The Sister(11)
Over the years, he gradually weaved an insular blanket to throw over the intrusive thoughts and fears that plagued him. He hadn’t removed the root causes, but he’d never consciously allow them to trouble him again.
Chapter 9
Southern Ireland 1969
Brenda Flynn was Vera’s aunt; once considered the life and soul of parties. She was always telling jokes and many a stranger ended up with sore ribs after she’d elbowed them hard on delivering the punch line. While they doubled up in pain, her raucous laughter infected everyone around to join in, none more so than her previous victims.
Life changed dramatically in 1969 with the death of her husband in a farmyard accident. One cold morning, he started the engine and left it to heat up, then reaching back in to pull something off the front seat, he snagged the gear lever; the tractor started forward with him half in and half out. She saw it as she ran out to take him the sandwiches he’d left behind on the kitchen table. He lost his footing trying to get back into the cab and fell under the back wheel. Widowed and childless, part of her died that day, too.
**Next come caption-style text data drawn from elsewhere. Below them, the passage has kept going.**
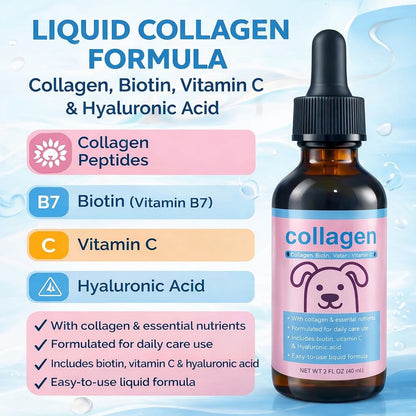 Flüssiges Kollagen für Hunde & Katzen – Weidekollagen-Peptide mit Biotin, Vitamin C & Hyaluronsäure für Haut & Fell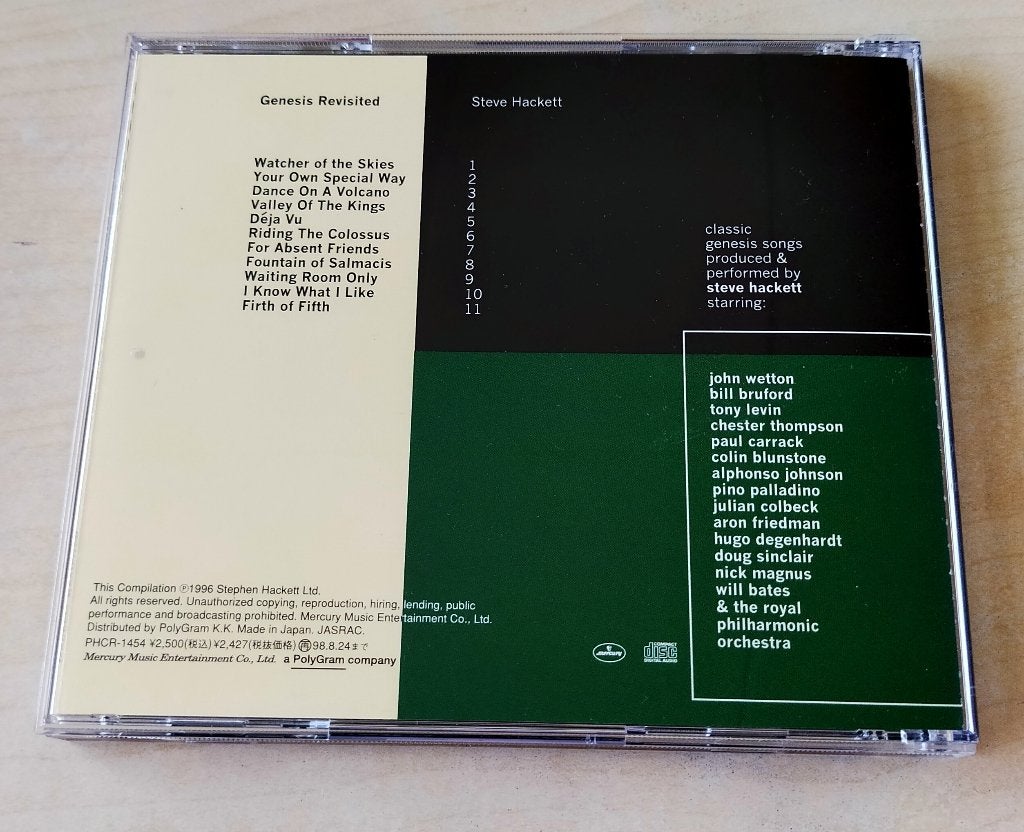 Steve Hackett - Genesis Revisited CD 1996 Japan OBI, Cd's en Dvd's, Ophalen of Verzenden, Gebruikt, Progressive Rock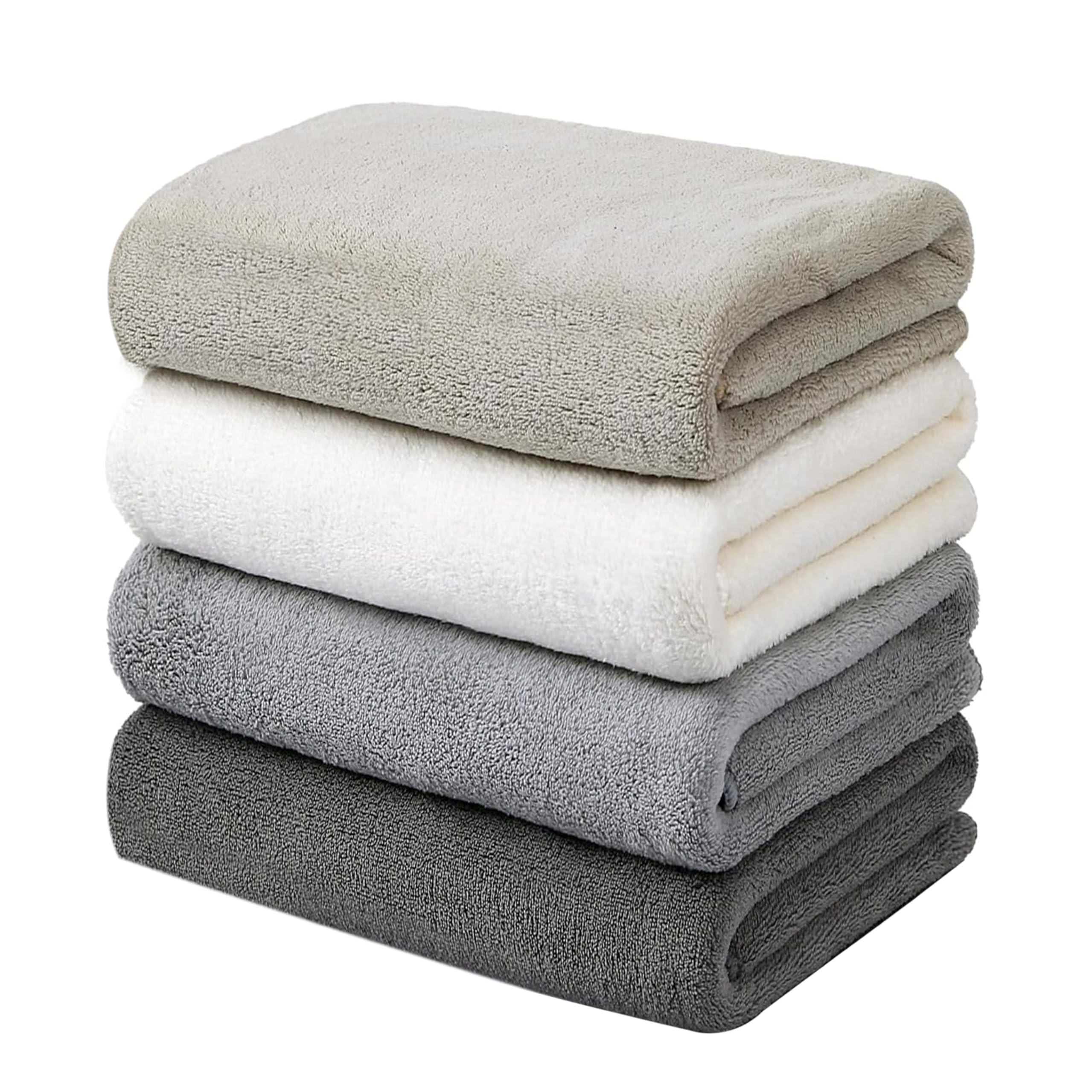 Oseamaid Silver Ion Antibacterial Bath and Ideal for Home and Commercial Perfect for and Mini Bath Towels Light Medium Dark Towels, 4-Piece Set.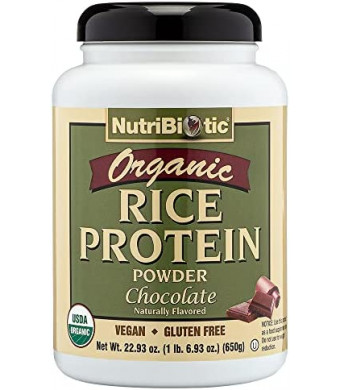 NutriBiotic Certified Organic Rice Protein Chocolate, 22.9 Oz | Low Carbohydrate Vegan Protein Powder | Raw, Certified Kosher & Keto Friendly | Made without Chemicals, GMOs & Gluten | Easy to Digest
She became embittered and sour.
A few weeks later, her brother and his entire family burned to death when their home caught fire. All perished apart from Vera. Alerted by the flames, villagers found her wandering, aimless, outside the house. The fire brigade pinpointed the upstairs landing as the origin of the fire. They always left a candle burning there because of Vera’s sleepwalking, in case she couldn’t see and fell downstairs.
With no family to look after her, she faced the orphanage. Fortunately, her aunt would not allow that as Ireland in those days was no place for a child to grow up in a Catholic institution.
Her niece was only thirteen, but Brenda never knew what she was getting herself in to. Something played on the child’s mind; whatever it was, it wouldn’t let her rest. One night, despite what they say about never waking a sleepwalker, Brenda did just that, questioning Vera about the fire while she was in her somnambulant state.
‘Is that how the fire started, when you were on your wanderings?’
She did not appear to wake fully. ‘No, it was the dog, chasing a rat. It knocked the candle over at the top of the stairs. When I saw what happened, I was on the beach, too far away to get back to warn them.’
The older woman stared in disbelief, and wondered if the child before her was truly awake.
In her mind’s eye, Vera saw it all again, the way the fire caught quickly, the draught funnelling through the stairwell fanning the flames, the melted wax turning it into an inferno. The next thing she knew she was outside in her nightie, warmed by the heat of the fire.
She didn’t tell her aunt she’d warned her mother about the fire three nights before. She didn’t tell her because she was a child who'd not yet made sense of it all, who was afraid she’d frighten her and because she’d known it would happen in advance and didn’t do enough to prevent it from happening. There was something else, too, that she didn’t tell. While she was on the beach that night, she’d projected herself into her parent’s bedroom to warn them. Her ma sat astride pa, riding him. Her father had seen her, but believing her to be sleepwalking, whispered, so as not to wake her, ‘I don’t want disturbing taking what little pleasures there are to be had in this life. From now on, I’m locking that door.’
‘Wait,’ her mother said, raising herself off him. She’d seen Vera, too. ‘There’s something wrong. What is she doing here? Why is she pulling that face?’
‘She’s only sleepwalking again, don’t worry love. Get back into bed and be quiet, and then she’ll go away.’ Vera looked sad. She knew she should have tried to wake the others first. It was already too late as her projection left the room.
One minute she’d been there, the next she was gone. They didn’t question it until they heard the screaming. Her pa never noticed the heat of the door handle as he opened the door. A massive fireball engulfed them. It was only afterwards that she realised she couldn’t directly interfere with what fate had planned.
Finally, Vera spoke. ‘I tried to wake them.’
Her aunt berated her, ‘You stupid, stupid child, you should have tried harder! What you did not do killed your parents.’ She couldn’t believe her own words as they tumbled out of her mouth. What she’d have given to call them back unheard; but it was too late.
It started a chain reaction. Vera retaliated by telling her she’d killed her own husband.
Stunned into silence, Brenda reacted with undisguised venom. ‘What did you just say?’
Vera was afraid of her anger.
‘What did you just SAY?’ she shouted; the veins in her neck stood out, and her piggy eyes bulged almost out of their sockets.
Vera looked down; she spoke quietly. Brenda leaned in to hear her better.
‘The last time you were in the tractor, you left your jacket on the front seat. Uncle Tommy started the engine to warm her and jumped down. Seeing it there, and not wanting you to feel the cold, he reached back in and pulled it across the seat. As it came, it snagged the gear lever; he wasn’t really looking. He felt it catch, and he tugged it harder. It slipped into gear. You know the rest.’
Now she knew how it had happened as seen through the eyes of the child before her.